**THE DATA:**
Segment Open

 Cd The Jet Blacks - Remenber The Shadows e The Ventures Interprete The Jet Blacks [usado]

Segment Closed
Segment Open

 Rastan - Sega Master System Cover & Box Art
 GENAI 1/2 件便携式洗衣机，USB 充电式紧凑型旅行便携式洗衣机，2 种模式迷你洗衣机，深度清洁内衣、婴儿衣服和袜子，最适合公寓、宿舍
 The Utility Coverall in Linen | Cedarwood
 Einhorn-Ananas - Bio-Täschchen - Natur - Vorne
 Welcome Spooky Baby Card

Segment Closed
Segment Open

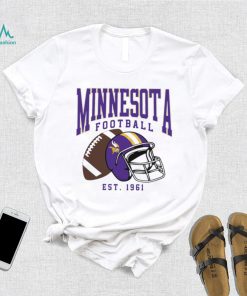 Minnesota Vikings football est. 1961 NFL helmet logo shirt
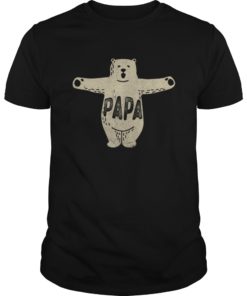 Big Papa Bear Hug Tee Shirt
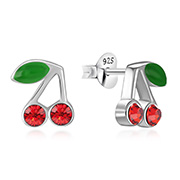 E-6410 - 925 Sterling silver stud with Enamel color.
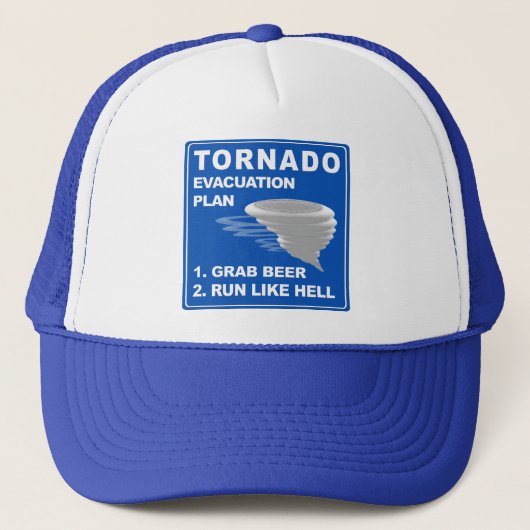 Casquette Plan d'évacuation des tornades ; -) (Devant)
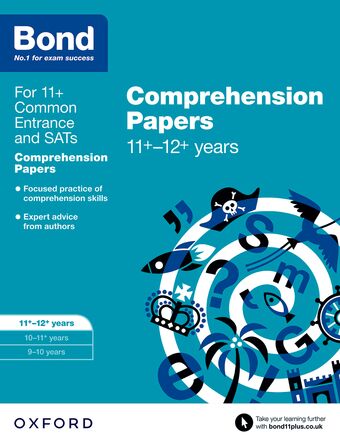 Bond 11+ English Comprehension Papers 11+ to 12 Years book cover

Segment Closed

**WORK ORDER:** Copy the records above exactly, beginning at the line that contains "The Utility Coverall in Linen | Cedarwood" and stopping after the line that contains "Welcome Spooky Baby Card".

**WRITTEN ANSWER:**
 The Utility Coverall in Linen | Cedarwood
 Einhorn-Ananas - Bio-Täschchen - Natur - Vorne
 Welcome Spooky Baby Card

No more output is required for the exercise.